I've seen this question posted before... however they didn't answer all my questions.
To set the stage: Our enterprise has an online product which, to Qualys, has many many links. However, the vast majority of these are auto-generated (eg: mysite.com/mypage.aspx?ID=826582&anotherVaule=report).
I currently have my scanning broken out into 2 web applications using whitelists and blacklists to divide it up. The problem is that one of those .aspx pages is listed as having over 8000 links itself, and the entire site is listed as approximately 30,000.
I understand that Qualys WAS scans utilize randomization in order to ensure that the entire site will eventually be scanned. However, it seems as though my WAS scans continue to report vulnerabilities as "New" even though they were previously found.... they just didn't exist in the previous scan because the links were maxed out and that particular section was skipped.

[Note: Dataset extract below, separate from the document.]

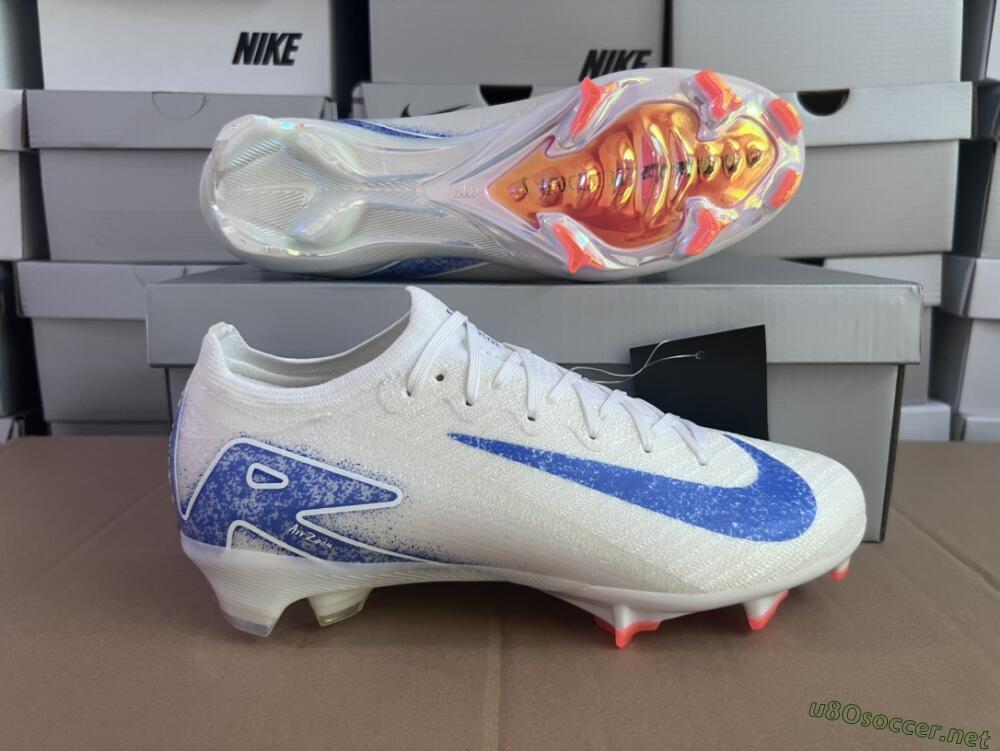 Men's Nike Air Zoom Mercurial Vapor 16 Elite FG Football Boots - White/Silver/Blue/Orange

<personal-opinion>My feeling is that the 8000 link max as well as the 24-hour time limit are the two most limiting factors of the entire QualysGuard platform. Why should I not be able to run a scan that takes 3 days? In-house, I can schedule as big a backup job as I want and if the backup job just so happens to still be running when said job is scheduled to run again... it simply does not run. Nothing blows up. The scheduled job is missed.</>
Anyhow, feel free to ignore my opinion. I am expressing this because I am a paying customer. That being said, I would very much appreciate guidance on how to best set up my web application scanners. Asides from my small beef above I very much enjoy working within the QualysGuard platform. It is a fantastic product that I genuinely enjoy using.